In our blog over the next two weeks, I’m going to share those 10 rules – five this week and five next week.
So here goes with Honest Teas first 5 rules for building a wildly successful business:
1. “Build something you believe in – because that’s the first step to building a great brand.”
Just like Goldman and Nalebuff, there will be times when you’re all alone, sitting in a dark room wondering why your business is failing. At that point, there is only one true thing to power you forward – believe in your purpose.
2. “Don’t aim for 10% improvement. Make it radically better and different.”
Honest Tea was radically different when first introduced. In your business don’t settle for “just enough” Instead, dig deep and decide right now to build something radically different and radically better.
3. “Prepare to be copied. Don’t start unless you’ll survive imitation.”
If your idea is truly radical and takes off, you can count the minutes before the copy-cats arrive. How will you survive competition from the big 800-pound gorillas on the block? Or even from the upstart little guys? Your key is a system of ‘continuous innovation’. Although you could also take the route of Honest Tea – make friends with one of the 800-pound gorillas and let them buy you out. The Coca-Cola Company acquired Honest Tea in 2011!
4. “Build up reserves of money and energy for bad luck and mistakes.”
Great advice – but sometimes extremely difficult to do. What startup or growth company has reserves of cash sitting around? But Goldman and Nalebuff make a good point – run as lean as you possibly can and do not waste money or energy. You will endure mistakes and bad luck along the way, so having a war chest of capital and energy can help you handle it.

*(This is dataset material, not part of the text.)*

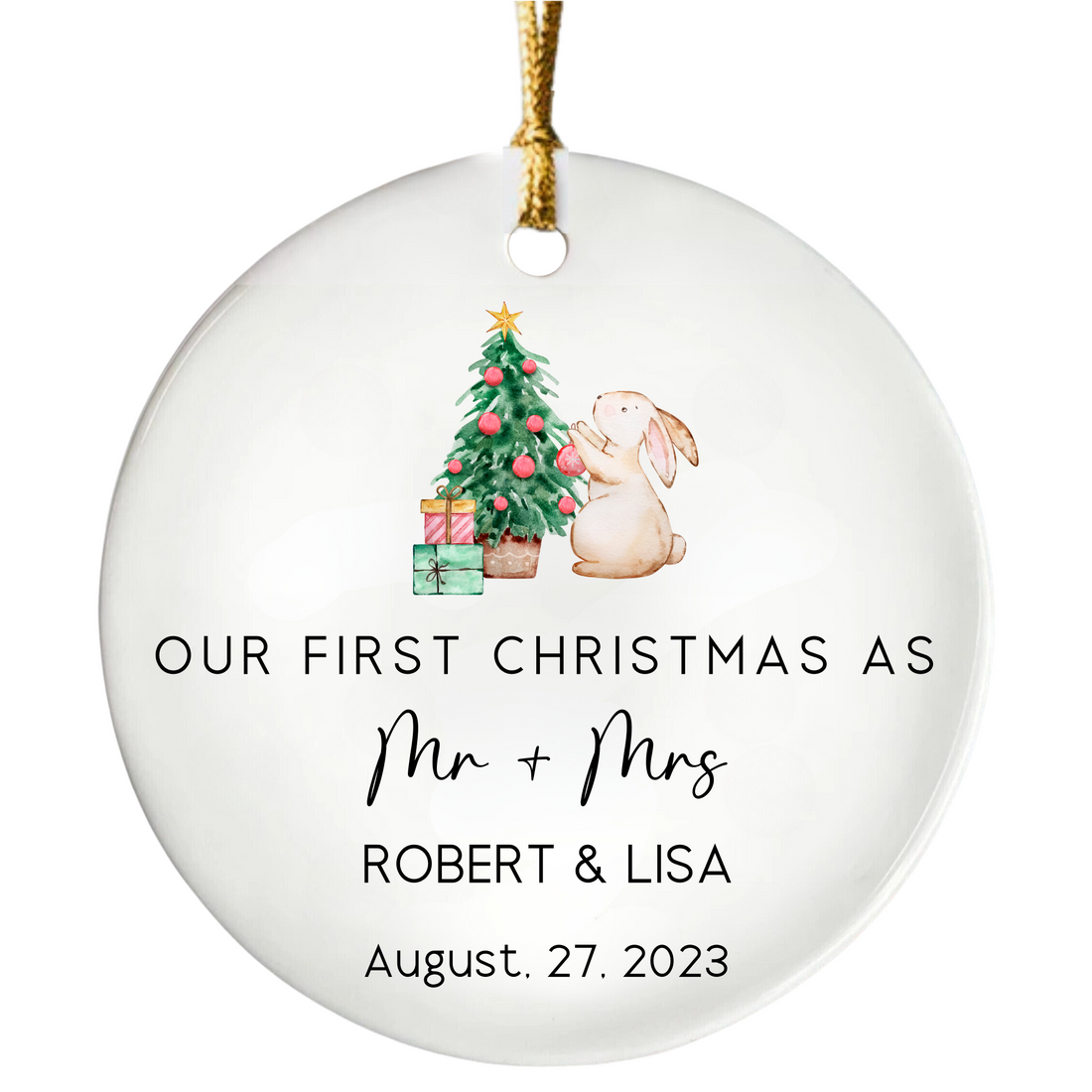 Our First Christmas As Mr & Mrs Ornament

5. “Never, ever give up control – until you sell.”
Some high-impact entrepreneurs will readily give up control in exchange for the lure of high-growth through venture capital – but Goldman and Nalebuff decided against it. Relinquish control and you risk losing the culture and vision of the company you set out to build. Even though Honest Tea raised investment capital from the beginning, Goldman and Nalebuff always remained in the driver’s seat.
As a business owner and entrepreneur looking to build your business, these rules are a great start.
So, think about how you can apply them in your own business.